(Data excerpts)
◆ ◆ ◆ ◆ ◆

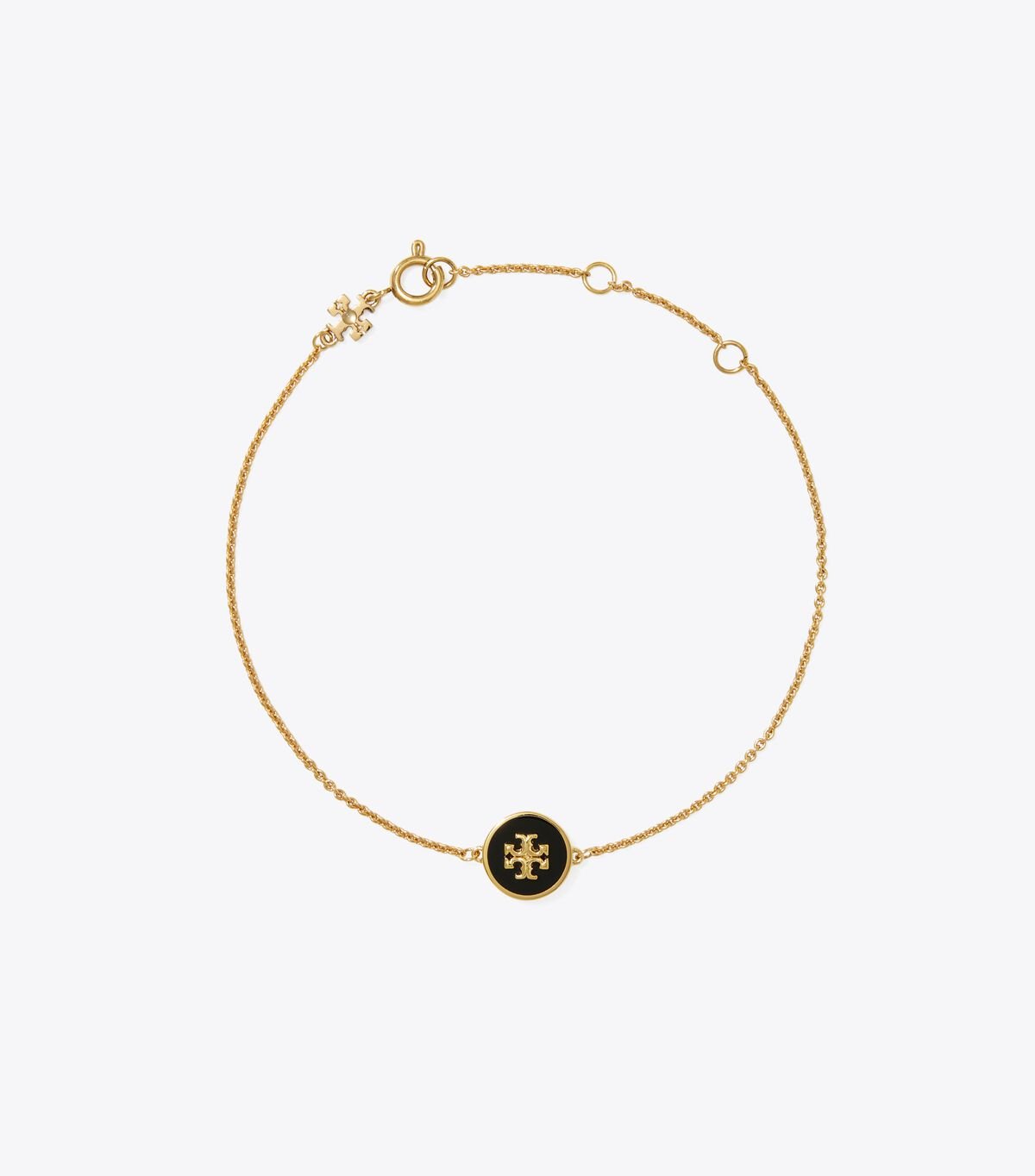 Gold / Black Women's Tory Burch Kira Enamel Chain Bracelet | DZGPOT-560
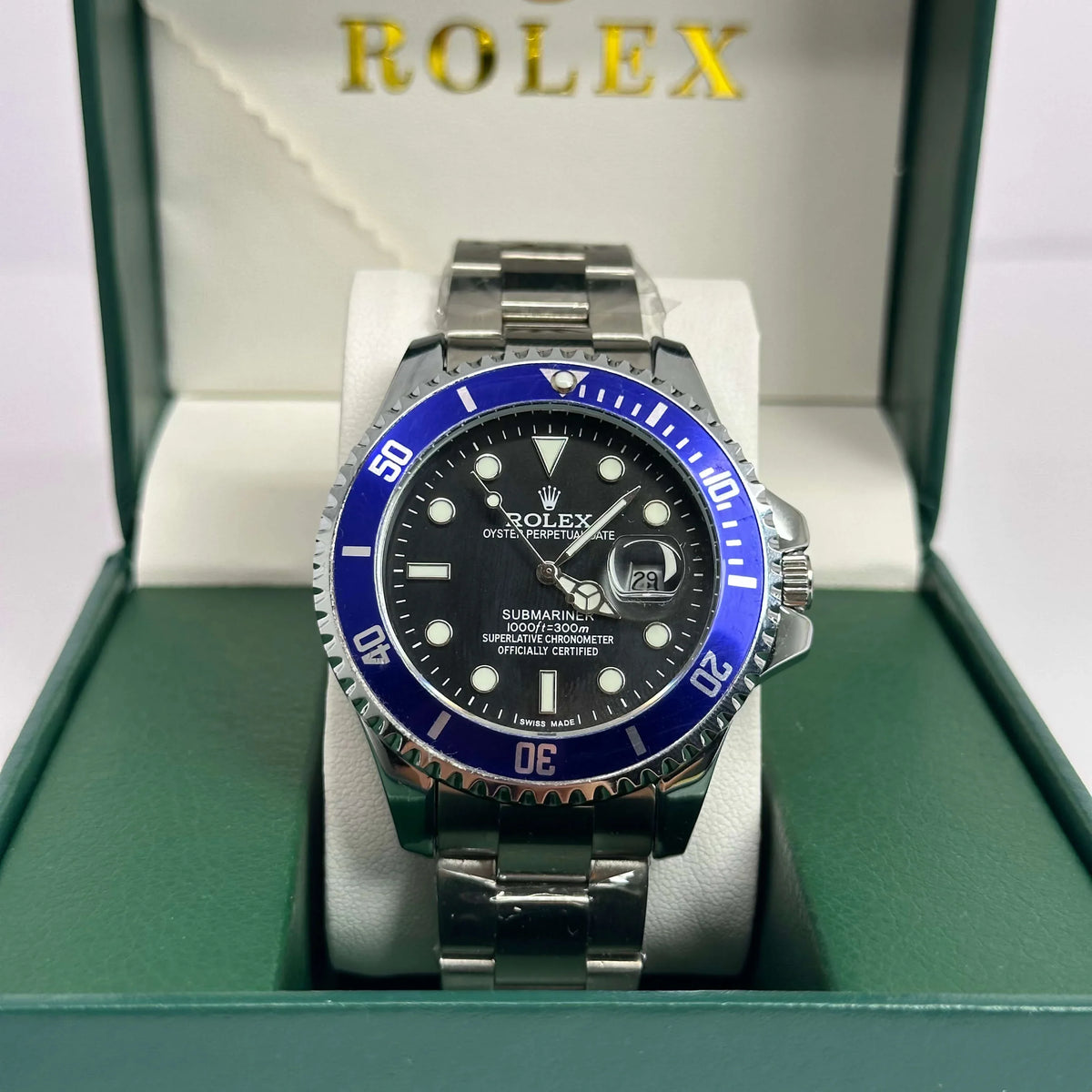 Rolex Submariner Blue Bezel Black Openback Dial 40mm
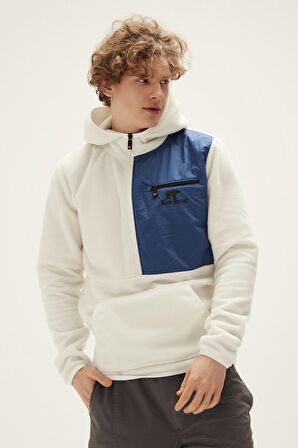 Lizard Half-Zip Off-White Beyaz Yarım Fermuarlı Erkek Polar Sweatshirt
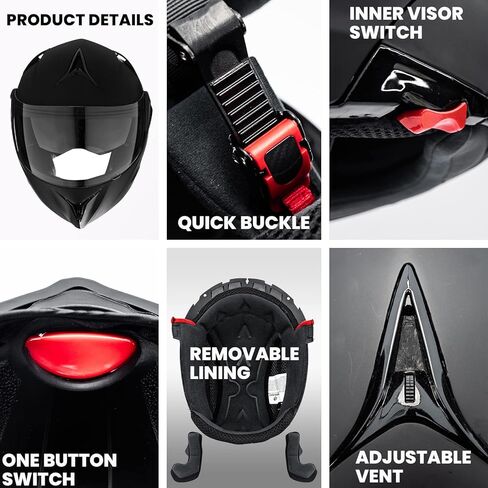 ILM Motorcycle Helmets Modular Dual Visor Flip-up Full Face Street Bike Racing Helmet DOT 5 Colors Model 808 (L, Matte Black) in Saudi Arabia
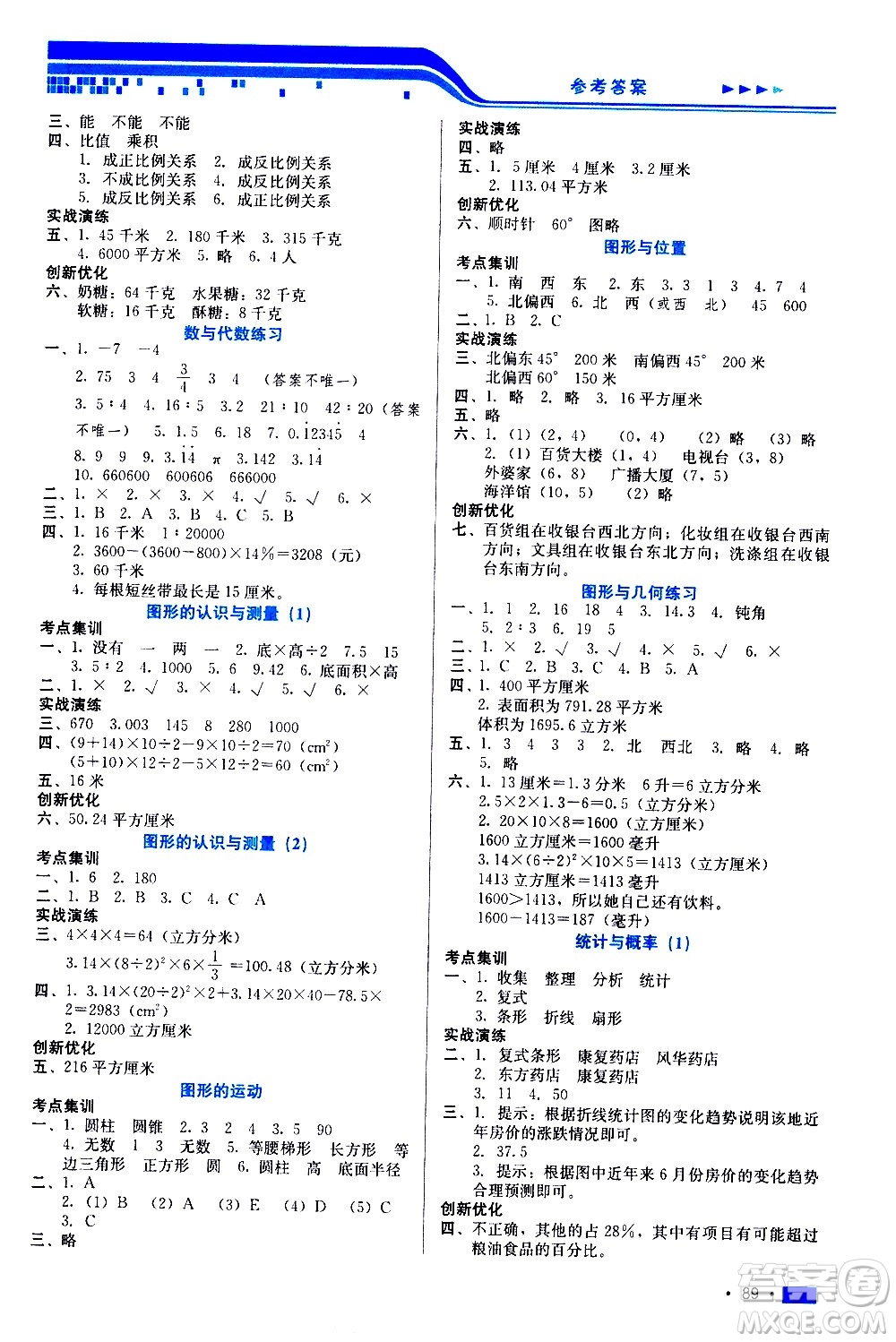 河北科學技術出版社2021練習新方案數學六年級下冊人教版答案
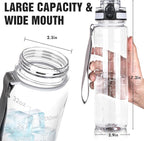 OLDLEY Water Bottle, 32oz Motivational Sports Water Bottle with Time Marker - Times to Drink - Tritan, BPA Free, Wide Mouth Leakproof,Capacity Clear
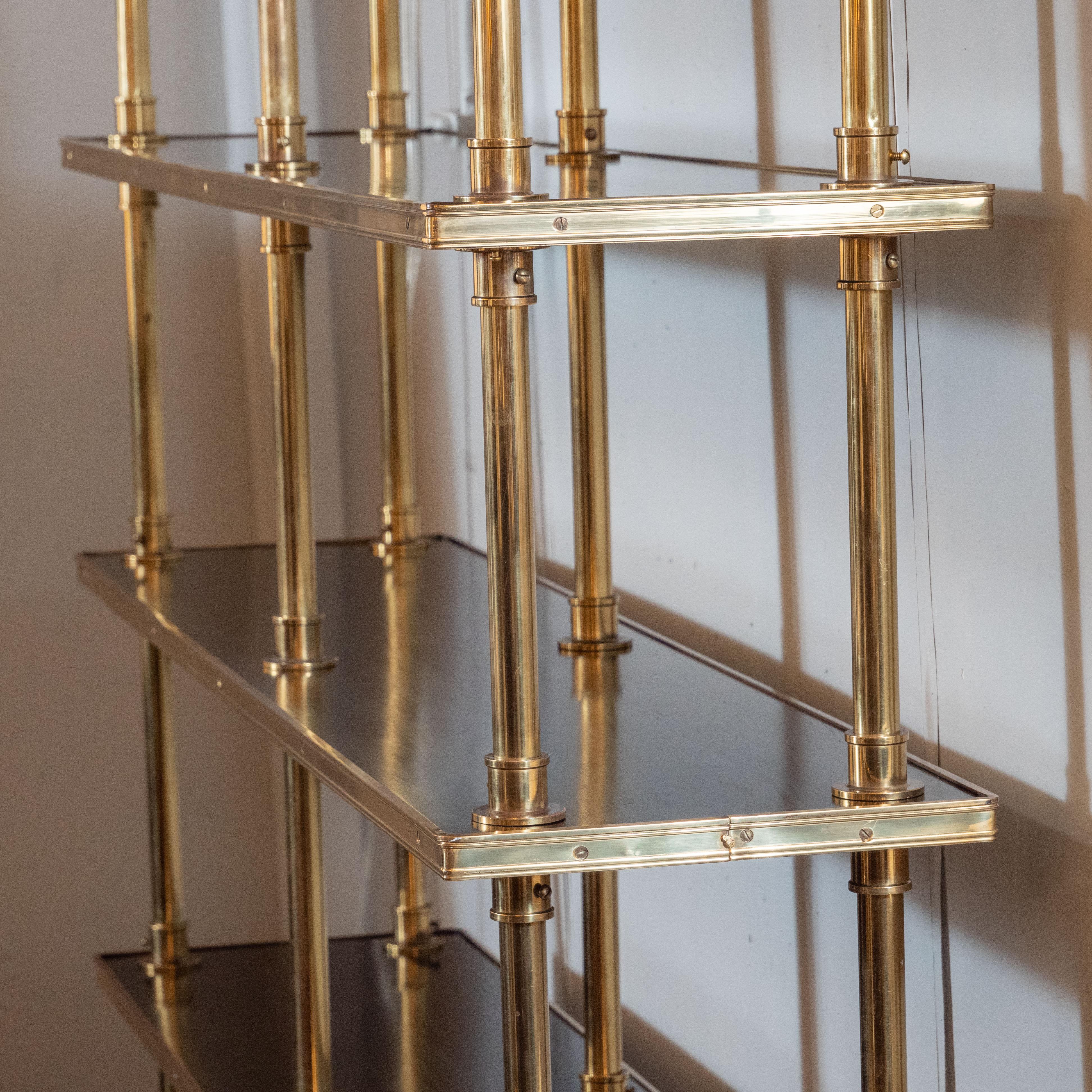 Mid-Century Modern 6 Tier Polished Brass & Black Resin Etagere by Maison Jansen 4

◆ ◆ ◆ ◆ ◆

Exercise ->
Where the line with "ILM Motorcycle Helmets" appears in the entries above, begin there and restate every line to the end word for word, minus the pictures.

Response to the task ->
 ILM Motorcycle Helmets Modular Dual Visor Flip-up Full Face Street Bike Racing Helmet DOT 5 Colors Model 808 (L, Matte Black) in Saudi Arabia
 河北科學技術出版社2021練習新方案數學六年級下冊人教版答案
 OLDLEY Water Bottle, 32oz Motivational Sports Water Bottle with Time Marker - Times to Drink - Tritan, BPA Free, Wide Mouth Leakproof,Capacity Clear
 Mid-Century Modern 6 Tier Polished Brass & Black Resin Etagere by Maison Jansen 4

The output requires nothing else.